German semiconductor manufacturer, Azzurro LED Technologies, announced during a talk at ICNS-10 that the company’s technology has reached the capability of achieving “1 bin” GaN-on-Si LED wafers. While showing production values of less than 3 nm wavelength uniformity, the 1.0 nm result came straight from development. The record 1.0 nm result demonstrates the capability to achieving “1 bin” GaN-on-Si LED wafers.
After questions about achieving competitive brightness and efficiency levels have been answered by various GaN-on-Si contenders, the yield question has remained open. The large mismatch of crystal lattice structure and thermal expansion coefficient cause highly bowed LED wafers after and during growth. This in turn has a very big negative impact on uniformity levels for wavelength, forward voltage and output power. The company uses its proprietary and patented strain-engineering and growth technologies to overcome these obstacles.

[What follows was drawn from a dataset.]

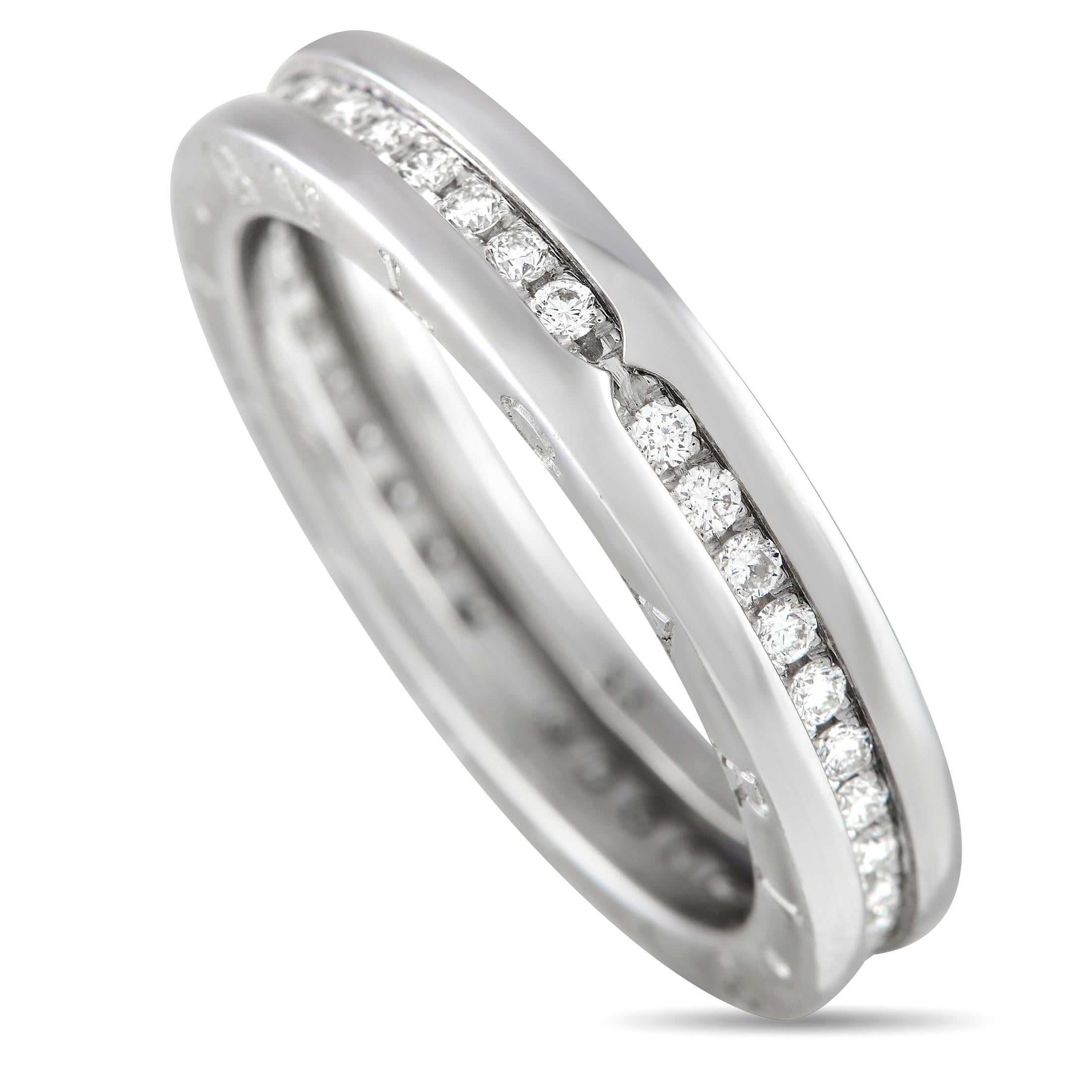Bvlgari B.Zero1 Einbandring aus 18 Karat Weißgold mit 0,57 Karat Diamanten im Zustand „Hervorragend“ in Southampton, PA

Breakthrough uniformity from production for wavelength (< 3 nm or 0.6%), forward voltage (1.3%) and output power (3.9%) for highly reduced binning were shown at the ICNS-10 in Washington D.C., U.S. together with excellent crystal quality values for 150 mm blue emission GaN-on-Si LED wafers (all values are standard deviation). At the same time equally impressive values for 200 mm LED wafers show the company's technological scalability. Manufacturability parameters like low bow (< 20 µm) and very good thickness uniformities (1.7%) are not compromised on. Based on these achievements the technical team continues to push for the ultimate “1 bin” wafer aim and demonstrated the benchmark result for wavelength with only 1.0 nm uniformity and a min/max value of 5 nm (one wavelength bin). (See graph below.)
Azzurro LED Technologies demonstration of the 1.0 nm wavelength on GaNon-Si LED technology. (Photo: Azzurro LED Technologies)
Azzurro’s latest results from production and development clearly prove that in addition to the cost advantages from lower cost substrates and by using standard silicon fabs for LED chip processing GaNon-Si LED wafers with the right strain-engineering technology can also help reduce binning dramatically.
The company's co-founder and CMO, Alexander Loesing, who is also heading its LED Technologies business unit, commented on the results: “We are very proud of our team’s record 1.0 nm achievement. With these results we show that our GaN-on-Si technology can bring the LED industry closer to the aim of making “1 bin” LED wafers.”